(What you have to do):
Would you output the entries below only from the line containing "Molinos Elicos" through the line containing "Monstera Aurea", exactly as they stand and with both ends included?

(Extracted records):
• • • •

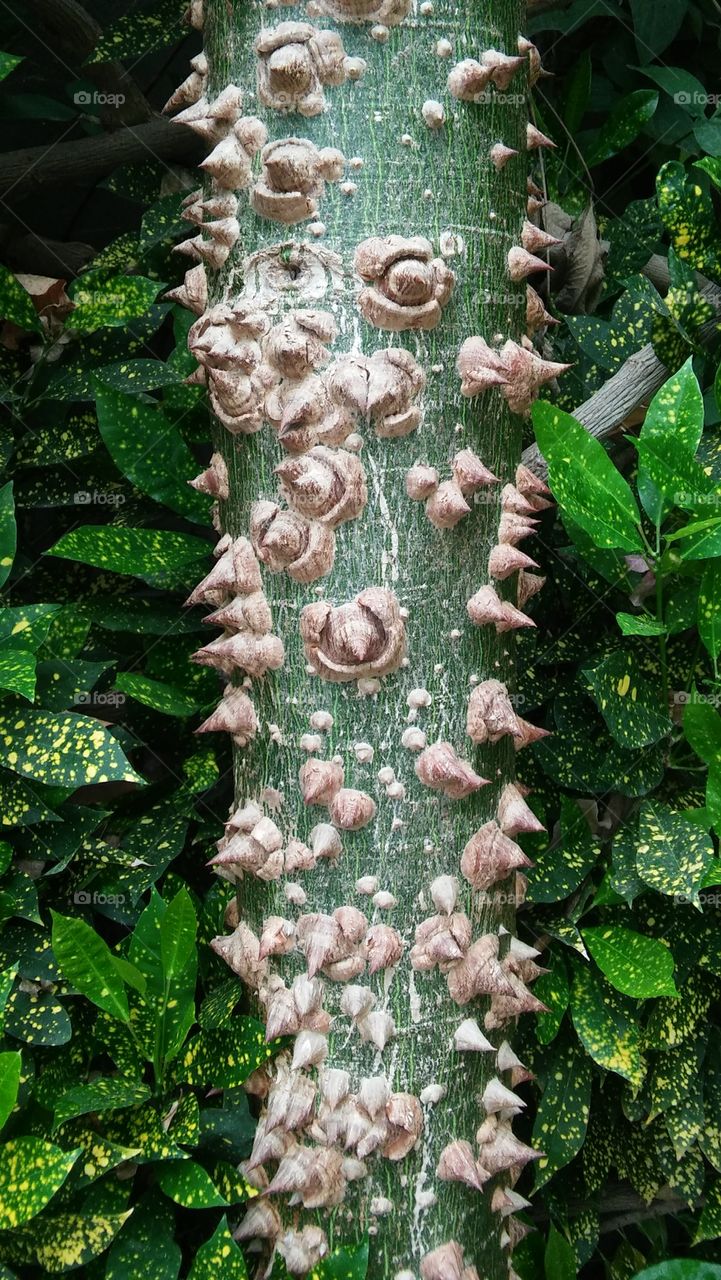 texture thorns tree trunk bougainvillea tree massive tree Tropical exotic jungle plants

• • • •

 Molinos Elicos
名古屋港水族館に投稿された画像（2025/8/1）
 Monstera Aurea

• • • •

(Answer to the exercise):
 Molinos Elicos
名古屋港水族館に投稿された画像（2025/8/1）
 Monstera Aurea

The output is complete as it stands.